Given data>

• • • • • • •

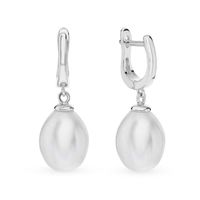 1 Pair Elegant Vacation Solid Color Plating Inlay Sterling Silver Artificial Pearls White Gold Plated Drop Earrings main image 5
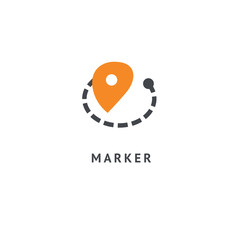 Map marker icon. Vector flat style illustration location pin logotype design. Location pin navigation logo template. Logo concept of navigator, guide, , booking hotel, Rent a Car, travel application.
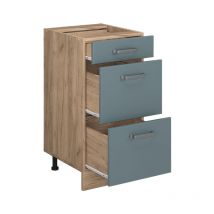 Mobiletto base per cucina R-Line, Grigio-blu, 40 cm con cassetti, senza piano di lavoro Vicco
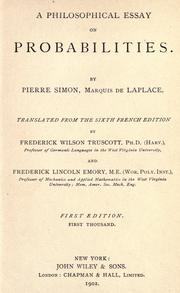 Cover of: A philosophical essay on probabilities by Pierre Simon marquis de Laplace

• • • • • • •

Up in the listing, locate the line with "Map marker icon."; print it and every line after it down to the line with "Mobiletto base per", which is included too. Skip the pictures.

 Map marker icon. Vector flat style illustration location pin logotype design. Location pin navigation logo template. Logo concept of navigator, guide, , booking hotel, Rent a Car, travel application.
 Mobiletto base per cucina R-Line, Grigio-blu, 40 cm con cassetti, senza piano di lavoro Vicco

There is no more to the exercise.